Introduction

When the data cannot be handled efficiently on a single computer, one has to rely on a distributed system which consists in several computers interconnected by a network. The main difference between a distributed system and a multi-core/CPU system is that in the former, the memory is not shared directly between threads in a single process. On the contrary, several processes are running (on different computers) and communicate with messages (even if this communication can be implicit when using high level API). Notice that distributed computing is sometimes reserved for tightly coupled machines (with very fast network for instance) and opposed to cluster computing where the machines can be loosely coupled. I tend to avoid this distinction.

The main advantage of distributed systems over shared memory systems is the reduced risk of inconsistent behavior induced by the explicit aspect of sharing (which is done via message passing). However, this is probably the only advantage as distributed systems are very difficult to master and have significant overhead compared to SMP systems. As such, numerous API have been proposed in order to ease programming (to some extent).

At the low level, programming for a distributed system means having some way of knowing the structure of the system (e.g., how many computing nodes are available) and some communication means. At a higher level, one can hope to describe a complex task as a set of simple tasks with dependencies and then let a framework turn this description into a fast distributed program (this could apply to SMP).

Some API and programming models

  • API:
    Parallel Virtual Machine (PVM)
    PVM is the ancestor of parallel programming API designed for distributed systems. It was created in the late 80's and is based on message passing. It is still used but as been somehow superseded by MPI.
    Message Passing Interface (MPI)
    MPI is standard created in the 90's. It focuses on message passing and can be seen as a communication protocol.
  • programming paradigm:
    Map Reduce
    Map Reduce is a quite simple paradigm which was popularized by Google in 2004 (DeanGhemawat2004MapReduce). It was initially the main computational model for the Hadoop framework. It suffers from major performance problems in many situations.
    Spark
    Spark is one of the recent paradigms that address Map Reduce limitations.

Message Passing Interface

MPI (Message Passing Interface) is the current standard for high performance computing. It has commercial and open source implementations that are generally optimized for some hardware. Interestingly, MPI implementations are sufficiently optimized to be used also for shared memory computers. In fact the first version of MPI was limited to message passing, but starting from the second version (in the late 90's), distributed memory operations are available. They can easily be implemented as shared memory operations.

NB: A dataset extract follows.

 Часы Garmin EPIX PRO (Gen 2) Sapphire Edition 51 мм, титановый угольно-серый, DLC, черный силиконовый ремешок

The API of MPI is very rich and of quite low level. It can be seen as the distributed equivalent of low level thread API for SMP systems. A MPI program consists in several processes that are mapped to possibly different computers. The API allows processes to communicate in various ways:

  • point to point direct communication
  • broadcasting (one to all)
  • reducing (all to one)
  • etc.

Communication is used to synchronize processes via rendez-vous (as part of point to point communication) and barrier (global rendez-vous). Communications can be organized in a quite convenient way with some form of virtual topology.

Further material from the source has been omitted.